На овальном и крепком столе — хоть пляши! — скатерть малиновая камчатая явилась, на ней полуведерный дубовый жбан и ровным счетом три кубка. Ведь и не говорено было — сколько надо, сама догадалась. Лизавета мысленно решила: ей и быть домоправительницей, кому же еще. А пока решала такие важные хозяйственные дела, и венгерское вознеслось из бедного малого погребца, но отнюдь не в скупом разливе — в серебряной отцовской братине, больше похожей на морской ялик. Выставлялась заветная братина только в особых случаях, под настроение. А разве сегодня не особый вечеря?

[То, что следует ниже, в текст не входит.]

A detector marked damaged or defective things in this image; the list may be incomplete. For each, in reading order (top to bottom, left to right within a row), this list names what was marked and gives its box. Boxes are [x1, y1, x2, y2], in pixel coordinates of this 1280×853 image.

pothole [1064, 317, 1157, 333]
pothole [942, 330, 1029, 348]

Груняша сметливо оглянула в спешке накрытый стол, видимо, осталась довольна и поклонилась:
— Матушка-цесаревна, изволите позвать его?
— Кого?.. — даже смутилась Елизавета от ее проницательности; все-таки открытые совместные пиры они не водили.
Но Груняше-то и горюшка мало:
— Его, матушка. За дверями ожидает.
Наперсница Настасья расхохоталась:
— Что я тебе, Лизанька, говорю? Верные у тебя люди. Зови, Груняша, — сама и отдала повеление.
Алексей-распевник, он же Алешка-бандурист, он же и Черкес, не замедлил явиться. Низко поклонился цесаревне, чуть посдержаннее — Настасье. Встал у порога выжидательно.
— Видишь, Лизанька? — толкнула локтем. — Истый царедворец… будет, попомни мое слово. Тебе-то пониже поклонился, а?
— Да ведь меня-то он получше знает… — сказала и осеклась Елизавета. — Хотя и тебя…
— И меня. Может, пораньше твово… — уже шепотком, на ушко, досказала, а ему: — Ну, проходи, Алешенька. Садись. Гостем будешь. Ишь бородку-то прихорошил!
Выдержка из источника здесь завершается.